Stored dataset items:
==================================================
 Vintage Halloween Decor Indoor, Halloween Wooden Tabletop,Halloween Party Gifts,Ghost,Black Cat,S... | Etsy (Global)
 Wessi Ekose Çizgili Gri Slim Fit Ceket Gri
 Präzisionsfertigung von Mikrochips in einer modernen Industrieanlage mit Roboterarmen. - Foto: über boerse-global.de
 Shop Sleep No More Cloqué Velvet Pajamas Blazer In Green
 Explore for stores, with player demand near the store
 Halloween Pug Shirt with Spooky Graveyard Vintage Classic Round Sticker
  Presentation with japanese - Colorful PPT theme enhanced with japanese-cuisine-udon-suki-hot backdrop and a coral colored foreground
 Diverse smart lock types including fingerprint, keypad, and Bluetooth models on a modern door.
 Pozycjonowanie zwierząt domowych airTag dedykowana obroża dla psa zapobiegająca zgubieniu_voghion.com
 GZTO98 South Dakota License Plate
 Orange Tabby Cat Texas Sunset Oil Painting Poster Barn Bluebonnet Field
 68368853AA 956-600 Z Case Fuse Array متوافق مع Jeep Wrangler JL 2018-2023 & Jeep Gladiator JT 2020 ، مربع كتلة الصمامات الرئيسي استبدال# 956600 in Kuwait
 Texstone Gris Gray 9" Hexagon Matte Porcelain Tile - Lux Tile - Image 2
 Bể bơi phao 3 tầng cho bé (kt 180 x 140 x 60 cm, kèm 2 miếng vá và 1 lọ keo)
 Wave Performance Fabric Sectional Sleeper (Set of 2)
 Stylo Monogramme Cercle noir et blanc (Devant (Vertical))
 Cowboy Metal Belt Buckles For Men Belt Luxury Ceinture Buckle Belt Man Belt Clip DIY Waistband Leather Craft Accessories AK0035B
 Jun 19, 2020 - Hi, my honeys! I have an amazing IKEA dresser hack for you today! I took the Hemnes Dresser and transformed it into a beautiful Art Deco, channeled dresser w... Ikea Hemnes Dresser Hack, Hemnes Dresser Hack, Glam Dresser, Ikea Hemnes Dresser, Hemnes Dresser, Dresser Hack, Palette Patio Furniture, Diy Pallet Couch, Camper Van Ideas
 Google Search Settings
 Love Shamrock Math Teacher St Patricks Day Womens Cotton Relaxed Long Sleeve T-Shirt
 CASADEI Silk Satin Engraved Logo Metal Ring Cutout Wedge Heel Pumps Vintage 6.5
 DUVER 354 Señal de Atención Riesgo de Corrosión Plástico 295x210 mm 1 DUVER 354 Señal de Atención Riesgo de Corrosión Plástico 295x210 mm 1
==================================================
_Problem to work on_: From the entries above, give again exactly the lines running from the line with "Wessi Ekose Çizgili Gri Slim Fit Ceket Gri" to the line with "Stylo Monogramme Cercle"; include both of those lines.

_Response_:
 Wessi Ekose Çizgili Gri Slim Fit Ceket Gri
 Präzisionsfertigung von Mikrochips in einer modernen Industrieanlage mit Roboterarmen. - Foto: über boerse-global.de
 Shop Sleep No More Cloqué Velvet Pajamas Blazer In Green
 Explore for stores, with player demand near the store
 Halloween Pug Shirt with Spooky Graveyard Vintage Classic Round Sticker
  Presentation with japanese - Colorful PPT theme enhanced with japanese-cuisine-udon-suki-hot backdrop and a coral colored foreground
 Diverse smart lock types including fingerprint, keypad, and Bluetooth models on a modern door.
 Pozycjonowanie zwierząt domowych airTag dedykowana obroża dla psa zapobiegająca zgubieniu_voghion.com
 GZTO98 South Dakota License Plate
 Orange Tabby Cat Texas Sunset Oil Painting Poster Barn Bluebonnet Field
 68368853AA 956-600 Z Case Fuse Array متوافق مع Jeep Wrangler JL 2018-2023 & Jeep Gladiator JT 2020 ، مربع كتلة الصمامات الرئيسي استبدال# 956600 in Kuwait
 Texstone Gris Gray 9" Hexagon Matte Porcelain Tile - Lux Tile - Image 2
 Bể bơi phao 3 tầng cho bé (kt 180 x 140 x 60 cm, kèm 2 miếng vá và 1 lọ keo)
 Wave Performance Fabric Sectional Sleeper (Set of 2)
 Stylo Monogramme Cercle noir et blanc (Devant (Vertical))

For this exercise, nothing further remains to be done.